Les Jeux olympiques de la Jeunesse (JOJ) de Dakar 2026 affichent une ambition claire : organiser un événement sportif majeur tout en éliminant la pollution plastique. Cette initiative, portée par Dakar 2026 et le Ministère de l’Environnement et de la Transition écologique du Sénégal, bénéficie du soutien crucial du Programme des Nations Unies pour le Développement (PNUD). L’objectif est de mettre en œuvre plusieurs principes fondamentaux : la réduction drastique des plastiques à usage unique, l’amélioration du tri et de la collecte des déchets sur tous les sites, la sensibilisation accrue des athlètes, du public et des communautés locales, ainsi que la mobilisation des institutions, du secteur privé et de la société civile pour bâtir un héritage environnemental durable.
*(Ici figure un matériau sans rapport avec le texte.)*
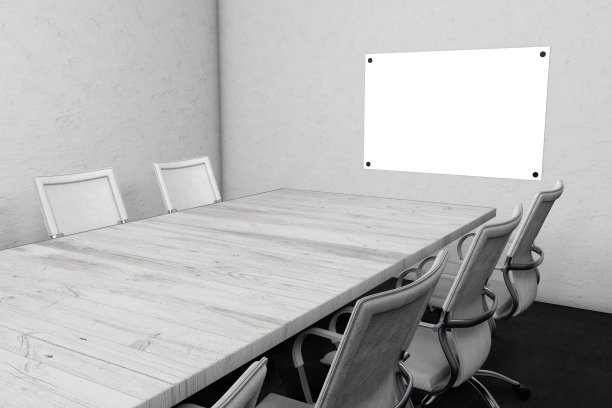 会议桌和椅子图片下载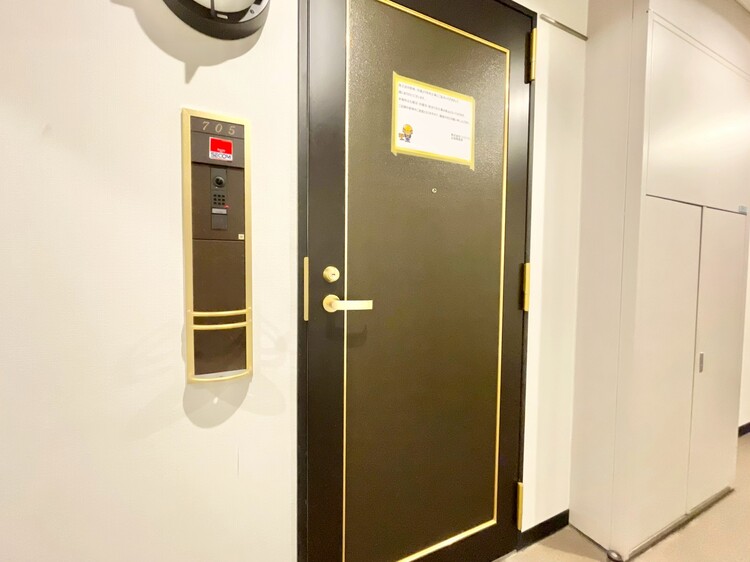 玄関 清潔感のある落ち着いた雰囲気の玄関です。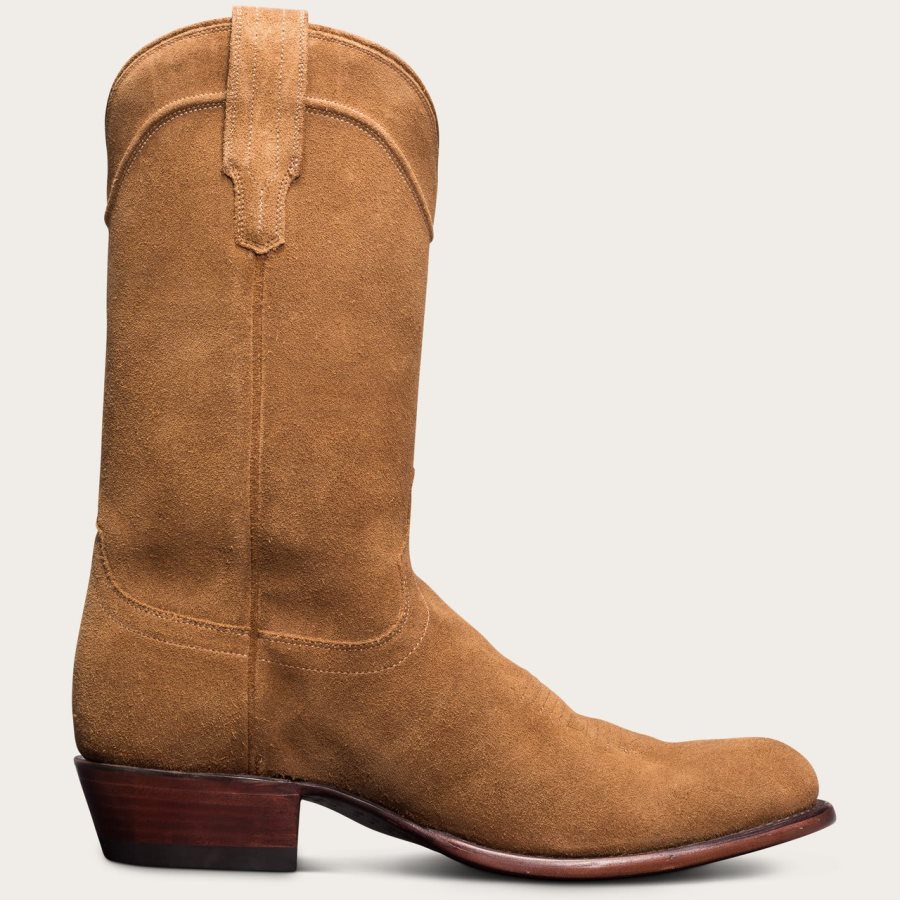 Men The Johnny Honey Suede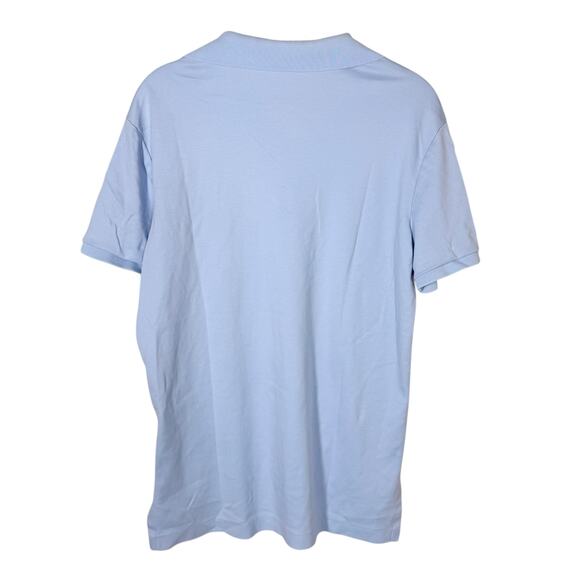 Polo Ralph Lauren Pullover Size Small Baby Blue Pima Soft Touch Cotton - Picture 2 of 3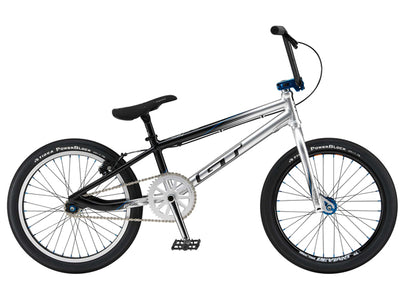 GT Pro Series BMX Bike-Pro-Black/Silver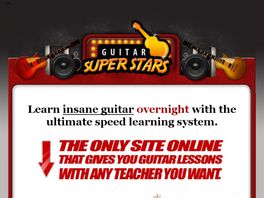 Go to: Guitar Super Stars - Pays out up to $160 per sale!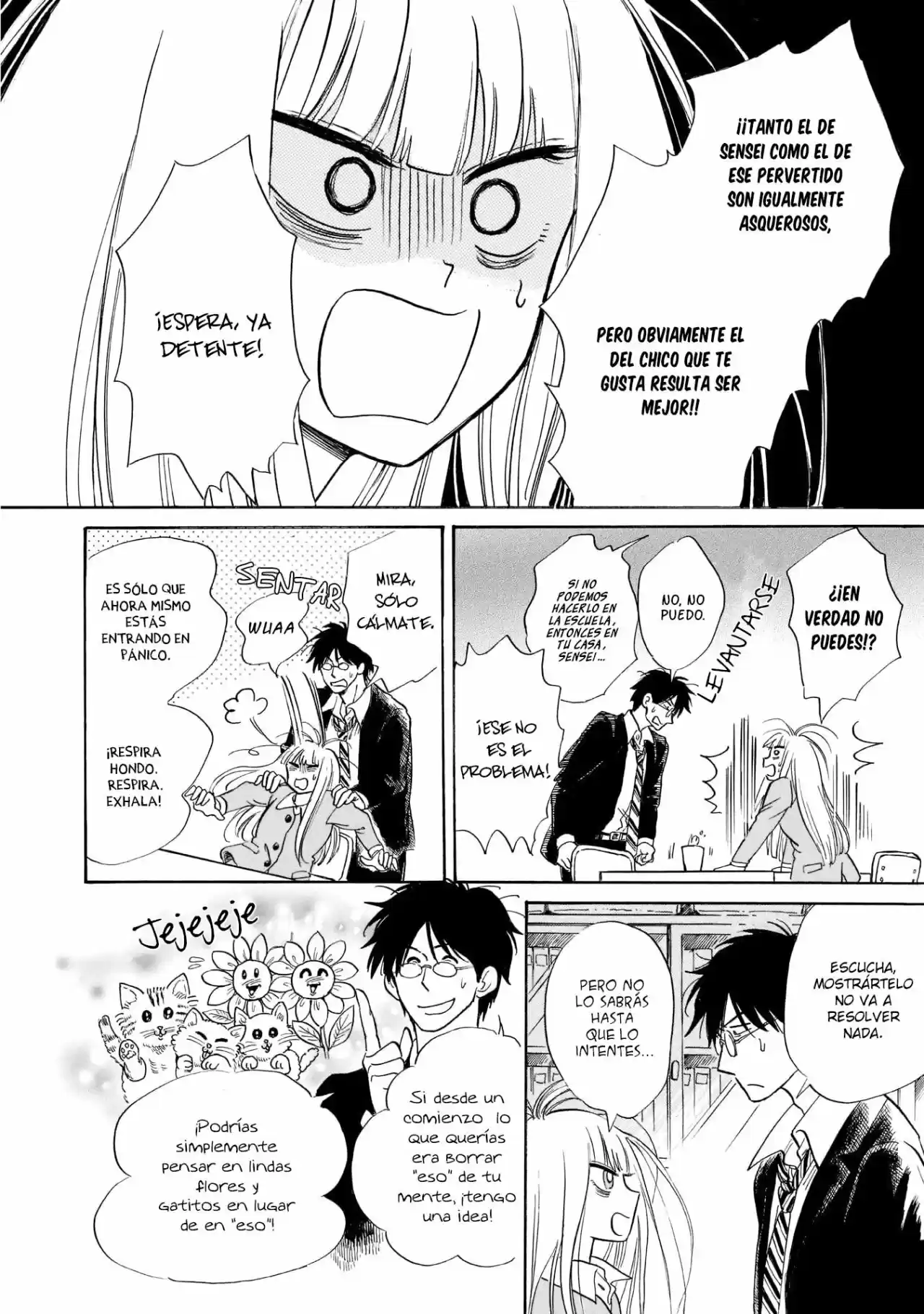 Shiota-sensei To Amai-chan - Capítulo 24 - Página 8 - LectorTMOo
Un modèle pour l’économie circulaire
Le Comité d’organisation des JOJ (COJOJ) exprime sa satisfaction, affirmant que « avec cette démarche, Dakar 2026 se positionnera comme une référence en matière d’événement sportif durable, contribuant activement à la transition du Sénégal vers une économie circulaire des plastiques ». Fatou Leigh, Représentante résidente par intérim du PNUD Sénégal, souligne l’ampleur de cette vision : « Nous ne nous contentons pas de lancer un simple projet environnemental. Nous inaugurons une ambition : faire des Jeux olympiques de la Jeunesse Dakar 2026 la preuve qu’un grand rassemblement international peut accélérer la transition vers une économie plus circulaire, plus responsable et intrinsèquement plus durable ».
Un héritage environnemental et culturel pour le Sénégal
Aliou Gory Diouf, Ministre de l’Environnement et de la Transition écologique, voit dans ces JOJ « une opportunité exceptionnelle pour notre pays ». Il met en avant la volonté du Sénégal de démontrer sa capacité à organiser le tout premier événement olympique sur le continent africain, tout en laissant un héritage environnemental d’une importance égale à son legs sportif. « Notre aspiration va au-delà de l’organisation des Jeux. Nous souhaitons que les comportements responsables adoptés à cette occasion s’enracinent et deviennent une véritable culture au sein de la population », conclut le Ministre.